■ WHAT YOU SHOULD DO:
Copying exactly, give the lines in the material below from the one with "Корпус теплообменника Mercedes OM611" to the one with "Hinomaru Sumo Chapter 115 Page 4", ends included, and nothing besides.

DATA RECORDS: Begin

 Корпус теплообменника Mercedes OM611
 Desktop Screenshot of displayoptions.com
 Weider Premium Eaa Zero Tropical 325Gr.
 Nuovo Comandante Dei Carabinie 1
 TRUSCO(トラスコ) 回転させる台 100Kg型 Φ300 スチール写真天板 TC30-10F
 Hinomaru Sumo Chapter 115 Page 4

DATA RECORDS: End
DATA RECORDS: Begin

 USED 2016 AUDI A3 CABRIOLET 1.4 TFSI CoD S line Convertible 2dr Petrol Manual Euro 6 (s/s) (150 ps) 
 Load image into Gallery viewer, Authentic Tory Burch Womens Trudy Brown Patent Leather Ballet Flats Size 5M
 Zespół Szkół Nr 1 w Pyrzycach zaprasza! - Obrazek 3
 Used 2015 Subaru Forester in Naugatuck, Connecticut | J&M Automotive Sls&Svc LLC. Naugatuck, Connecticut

DATA RECORDS: End
DATA RECORDS: Begin

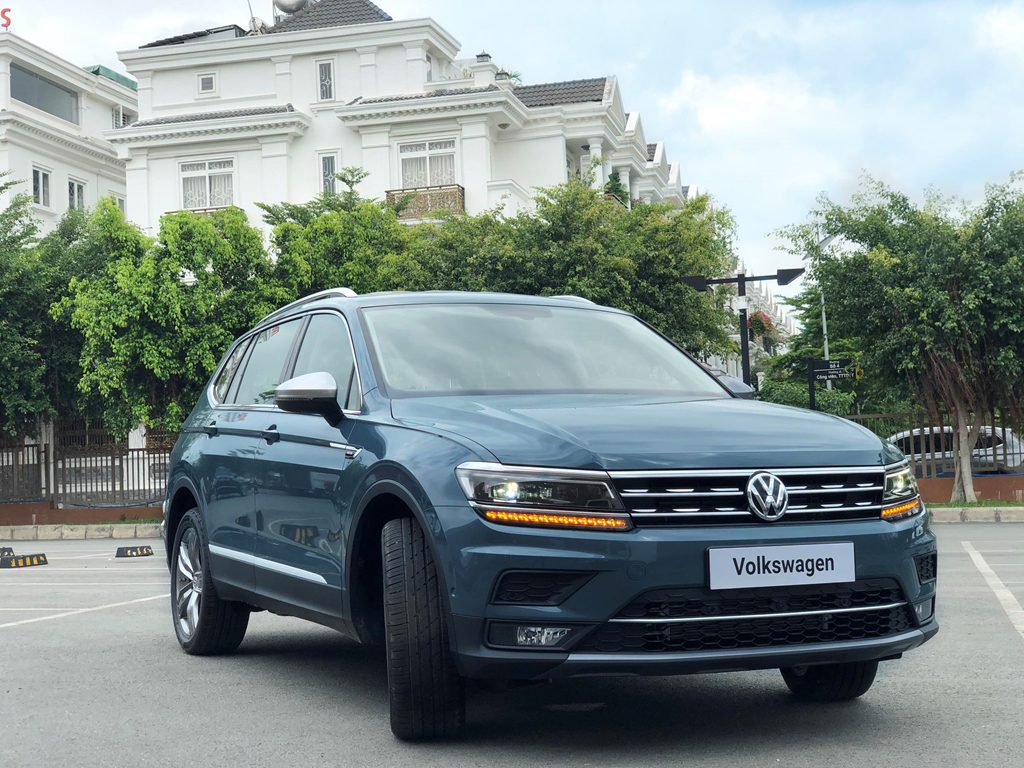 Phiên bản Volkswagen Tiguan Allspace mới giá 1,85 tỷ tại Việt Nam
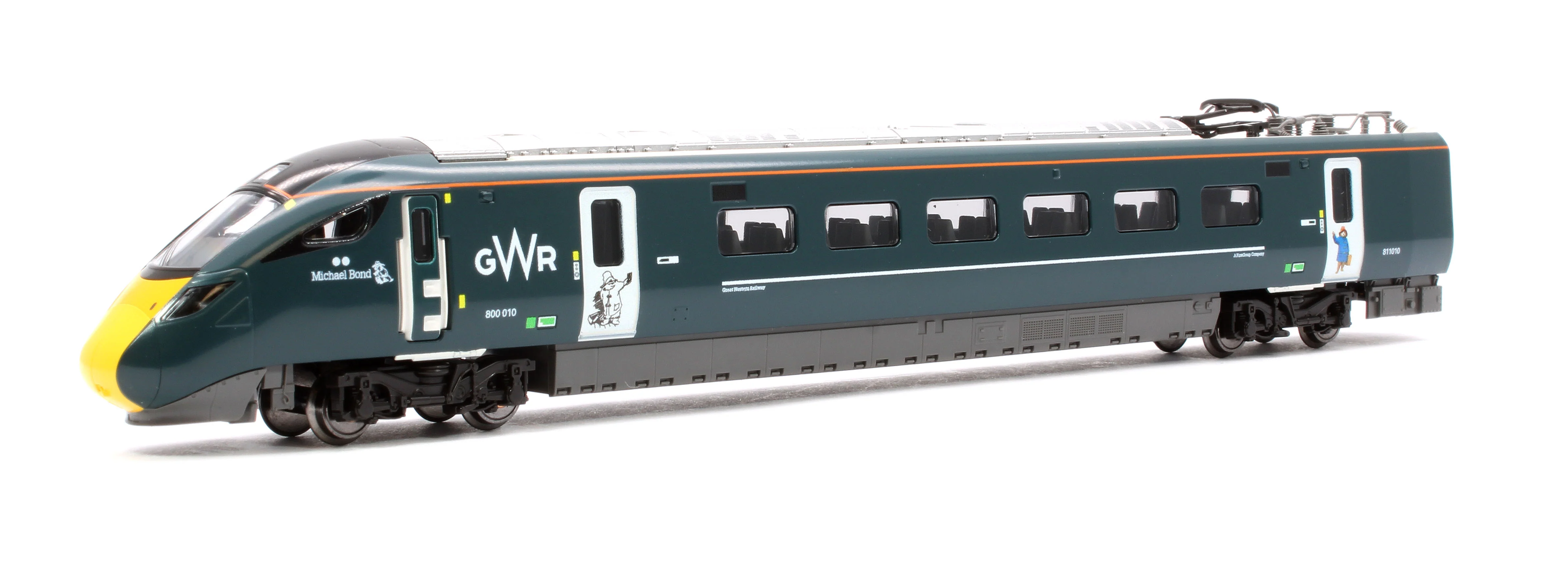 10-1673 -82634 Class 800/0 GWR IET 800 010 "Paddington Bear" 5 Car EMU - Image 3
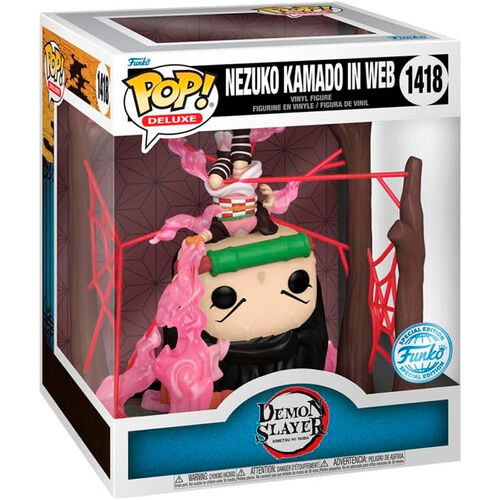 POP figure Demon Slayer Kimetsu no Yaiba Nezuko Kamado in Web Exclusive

DATA RECORDS: End

■ ANSWER SPACE:
 Корпус теплообменника Mercedes OM611
 Desktop Screenshot of displayoptions.com
 Weider Premium Eaa Zero Tropical 325Gr.
 Nuovo Comandante Dei Carabinie 1
 TRUSCO(トラスコ) 回転させる台 100Kg型 Φ300 スチール写真天板 TC30-10F
 Hinomaru Sumo Chapter 115 Page 4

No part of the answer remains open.